───── Provided material ─────

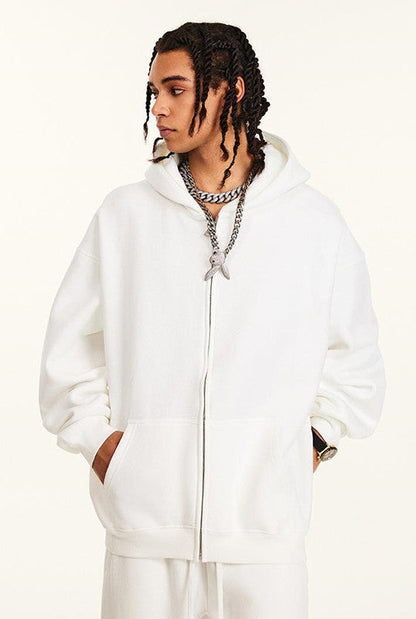 345GSM Fleece Solid Color Zipper Jacket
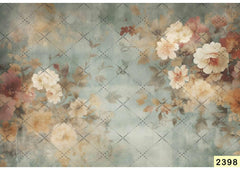 Light Blue BrownFlower Backdrop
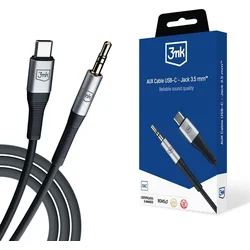 3mk audio kábel - AUX kábel USB-C - Jack 3,5 mm, 1 m, čierny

─────

Task requirements:
No pictures belong in the answer; copy all other parts of the listing exactly.

Response to the exercise:
 345GSM Fleece Solid Color Zipper Jacket
 Light Blue BrownFlower Backdrop
 3mk audio kábel - AUX kábel USB-C - Jack 3,5 mm, 1 m, čierny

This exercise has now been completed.